Aim of the task: A word-for-word restatement of all the records is the required answer.

Records excerpted from a collection
-- Opening Marker --
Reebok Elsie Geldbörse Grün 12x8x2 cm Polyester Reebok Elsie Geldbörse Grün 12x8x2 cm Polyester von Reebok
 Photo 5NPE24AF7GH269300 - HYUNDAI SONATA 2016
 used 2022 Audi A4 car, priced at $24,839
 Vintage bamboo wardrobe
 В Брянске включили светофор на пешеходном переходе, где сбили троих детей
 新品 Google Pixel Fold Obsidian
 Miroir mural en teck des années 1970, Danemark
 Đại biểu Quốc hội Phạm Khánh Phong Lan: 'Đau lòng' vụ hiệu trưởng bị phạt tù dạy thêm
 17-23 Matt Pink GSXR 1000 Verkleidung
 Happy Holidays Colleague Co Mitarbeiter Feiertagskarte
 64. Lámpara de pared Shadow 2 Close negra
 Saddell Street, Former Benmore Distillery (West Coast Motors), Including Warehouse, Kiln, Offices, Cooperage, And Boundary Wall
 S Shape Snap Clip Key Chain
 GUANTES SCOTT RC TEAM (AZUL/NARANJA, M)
-- Closing Marker --
Output of the task:
Reebok Elsie Geldbörse Grün 12x8x2 cm Polyester Reebok Elsie Geldbörse Grün 12x8x2 cm Polyester von Reebok
 Photo 5NPE24AF7GH269300 - HYUNDAI SONATA 2016
 used 2022 Audi A4 car, priced at $24,839
 Vintage bamboo wardrobe
 В Брянске включили светофор на пешеходном переходе, где сбили троих детей
 新品 Google Pixel Fold Obsidian
 Miroir mural en teck des années 1970, Danemark
 Đại biểu Quốc hội Phạm Khánh Phong Lan: 'Đau lòng' vụ hiệu trưởng bị phạt tù dạy thêm
 17-23 Matt Pink GSXR 1000 Verkleidung
 Happy Holidays Colleague Co Mitarbeiter Feiertagskarte
 64. Lámpara de pared Shadow 2 Close negra
 Saddell Street, Former Benmore Distillery (West Coast Motors), Including Warehouse, Kiln, Offices, Cooperage, And Boundary Wall
 S Shape Snap Clip Key Chain
 GUANTES SCOTT RC TEAM (AZUL/NARANJA, M)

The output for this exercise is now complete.